Bereits mehrere Gerichte haben entschieden, dass derjenige, der eine Bewertung ausspricht, in seinem Urteil frei und unabhängig sein muss. Der Verkehr erwartet objektive Bewertungen, die nicht unzulässig beeinflusst wurden. Bezahlte Bewertungen sind nicht verboten – es ist nur unzulässig und irreführend, wenn auf diesen Umstand nicht ausdrücklich hingewiesen wird (z.B. OLG FrankfurtLG HildesheimLG Bonn).
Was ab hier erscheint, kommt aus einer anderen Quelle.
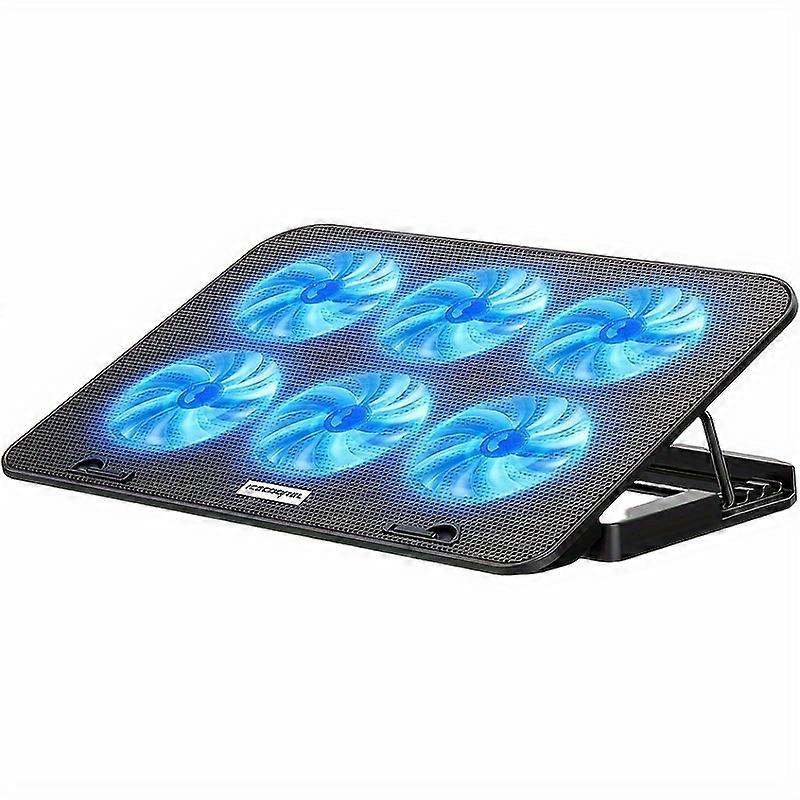 Notebook Cooling Pad For 15.6-inch Laptops, With Silent Exhaust Fan And Cooling Bracket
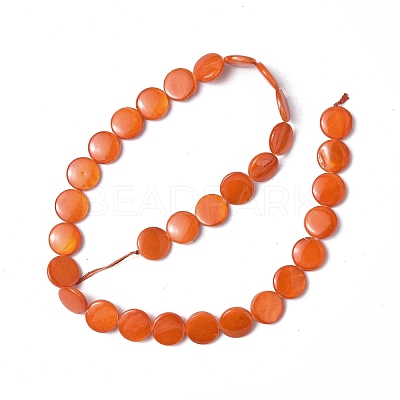 Spray Painted Natural Freshwater Shell Beads Strands SHEL-C003-05-1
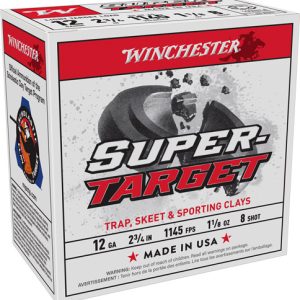 WINCHESTER TARGET 12GA 2.75"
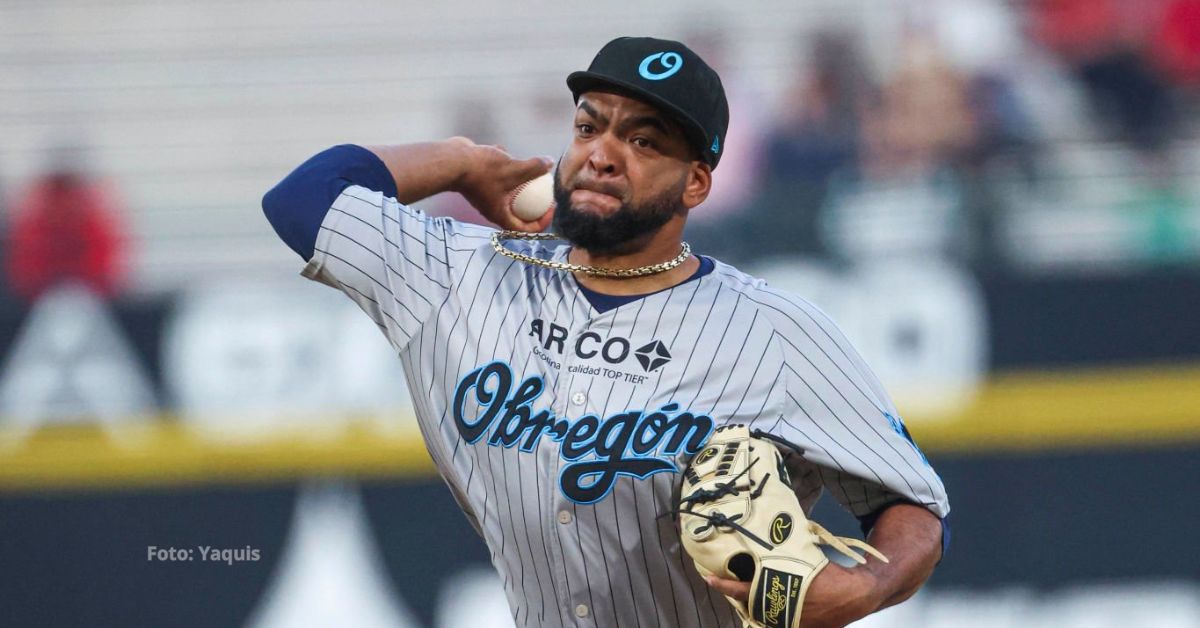 Odrisamer Despaigne con Yaquis de Ciudad Obregón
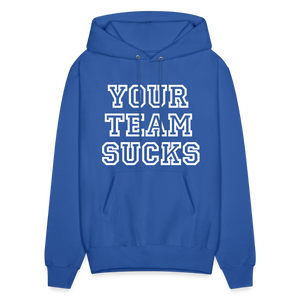 Men's Hanes Hoodie - royal blue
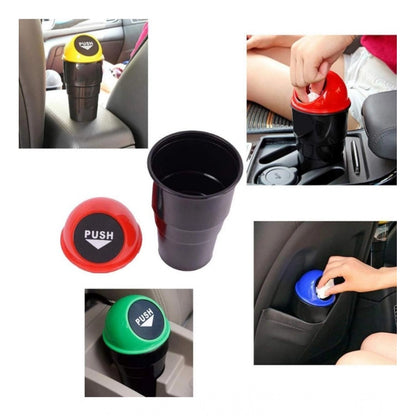 Car Dustbin – Portable Vehicle Trash Bin (Pack of 4)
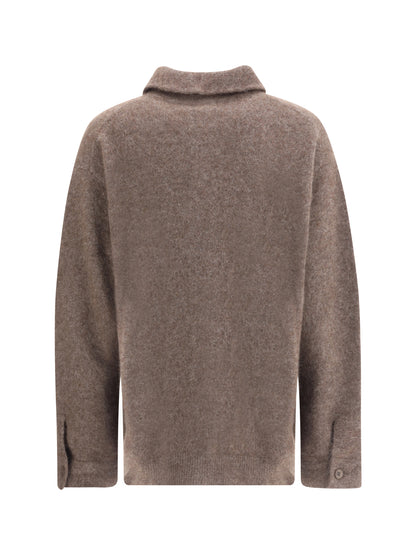 P.A.R.O.S.H. S cardigan with classic collar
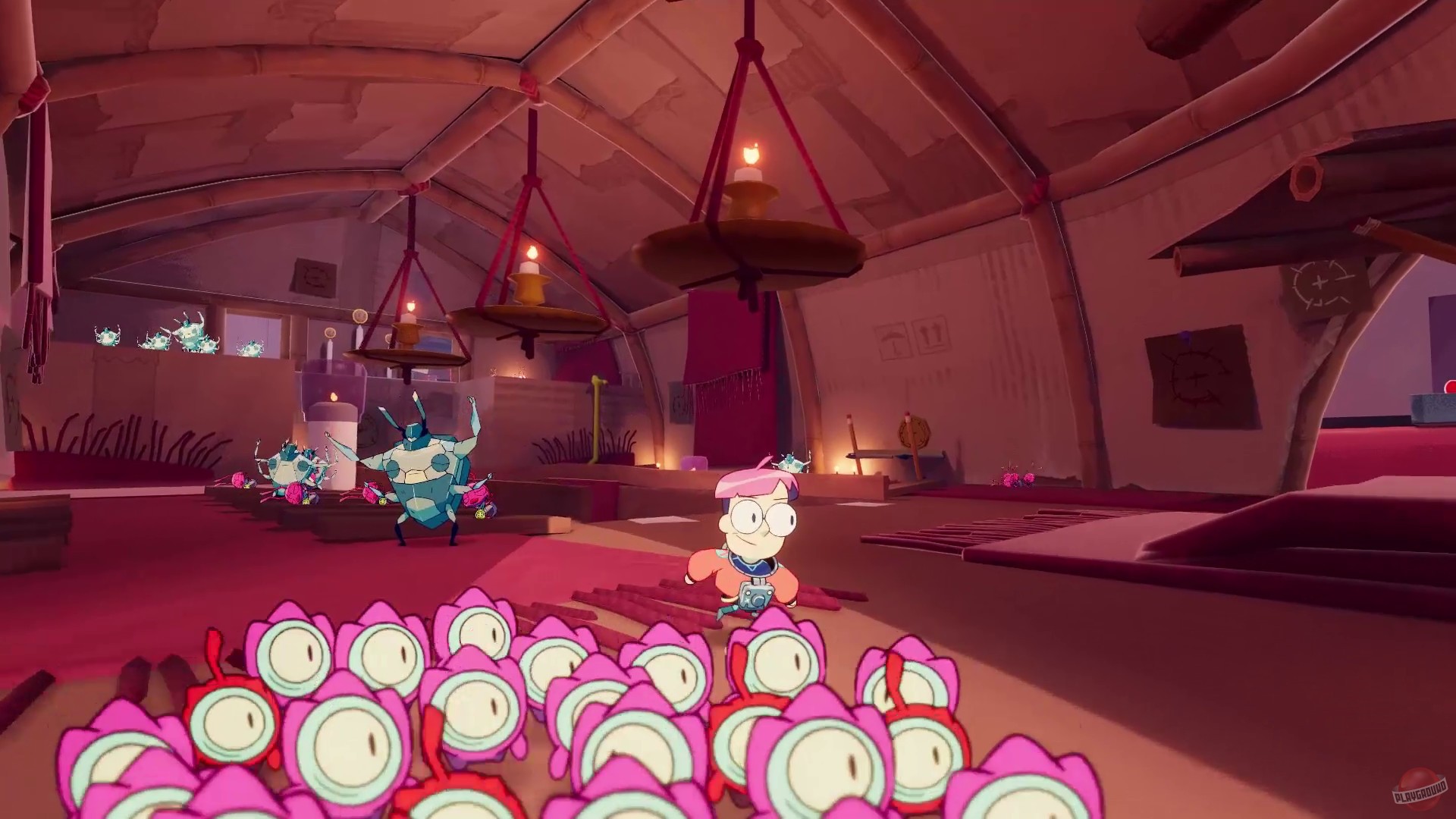 Скриншот из игры Tinykin - 14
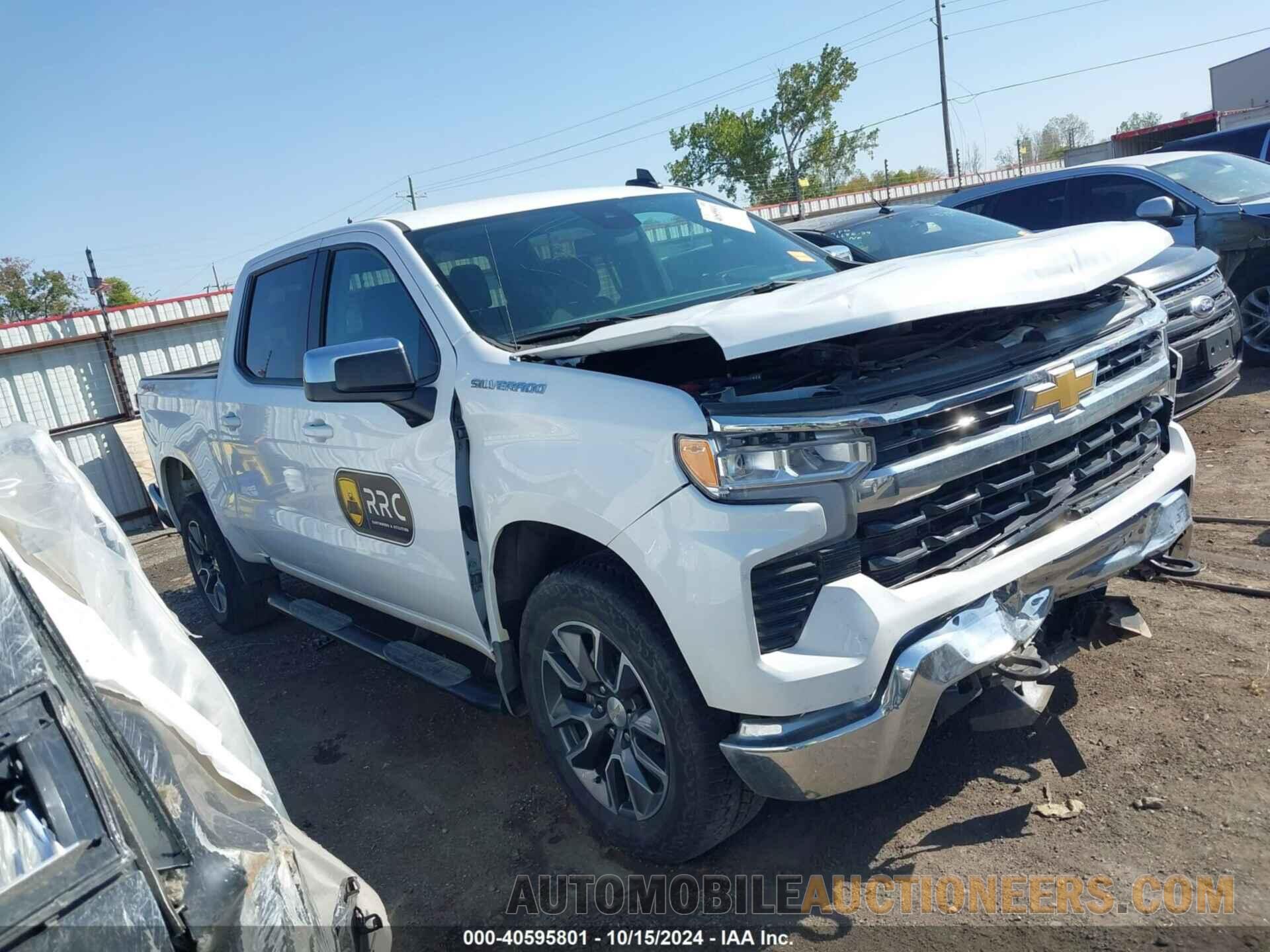 3GCPDKEK5PG263857 CHEVROLET SILVERADO 1500 2023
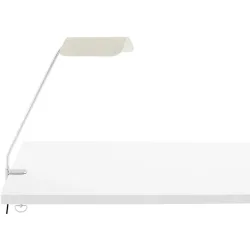 Designer-Tischlampe zum Klemmen HAY Apex E14 weiss - Designer-Tischlampe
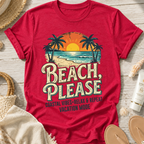 Beach Please Coastal T-Shirt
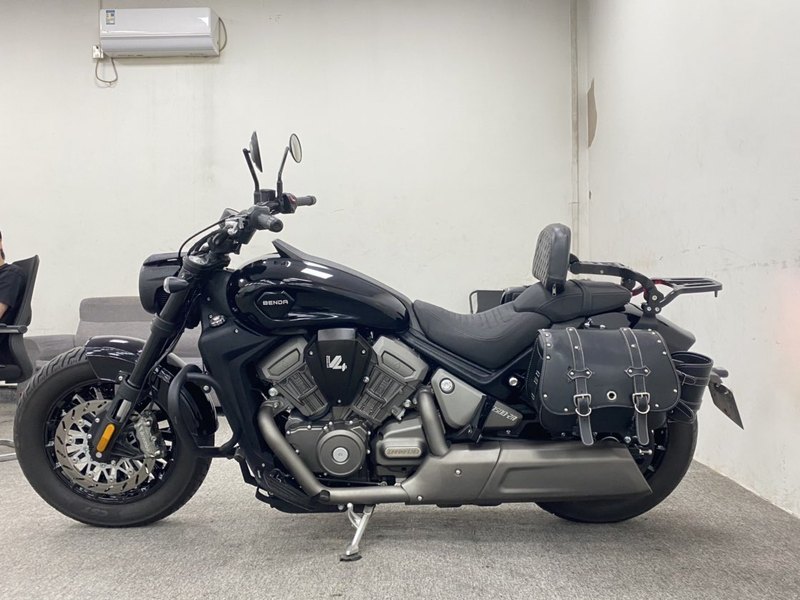 二手奔达黑旗500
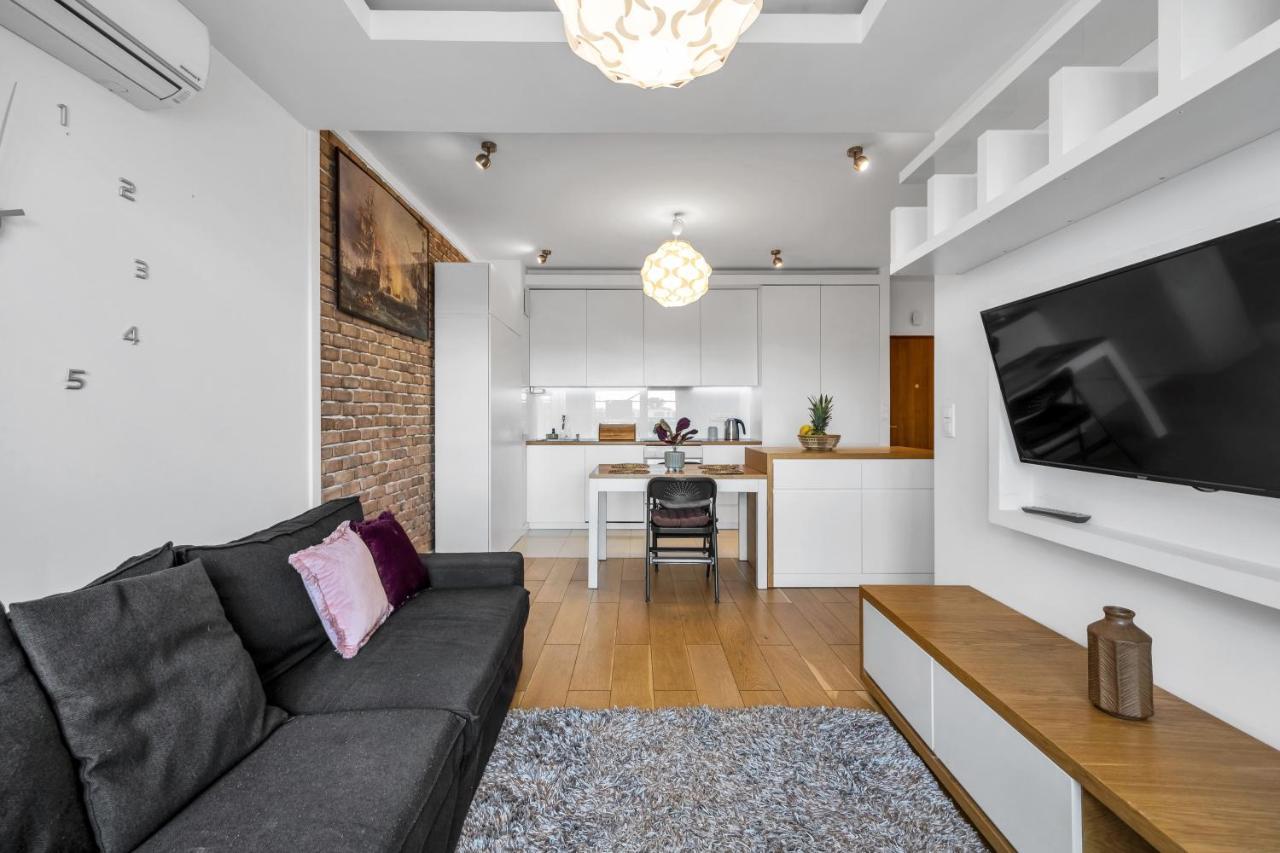 Spacious 2 Bedroom Ac Dalanowska 46 Varšava Exteriér fotografie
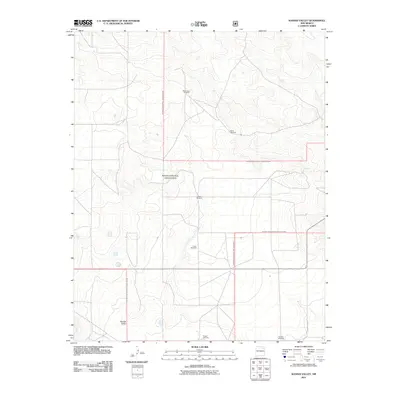 2011 Map of Kansas Valley, 2011 Print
Hierfür ist es nicht unbedingt notwendig, dass tatsächlich Geld gezahlt wird. Es genügt z.B. auch, wenn die Rezensenten als Gegenleistung die Möglichkeit zur Teilnahme an einem Gewinnspiel erhalten (OLG Frankfurt). Zuletzt entschied das OLG Frankfurt zudem, dass im Gesamtergebnis darauf hingewiesen werden müsse, wenn in das Endergebnis auch bezahlte Bewertungen eingeflossen sind.

Nicht vergessen: Seit dem 28.5.2022 gelten umfangreiche Änderungen des UWG, u.a. auch neue Transparenzpflichten bei der Darstellung von Verbraucherbwertungen.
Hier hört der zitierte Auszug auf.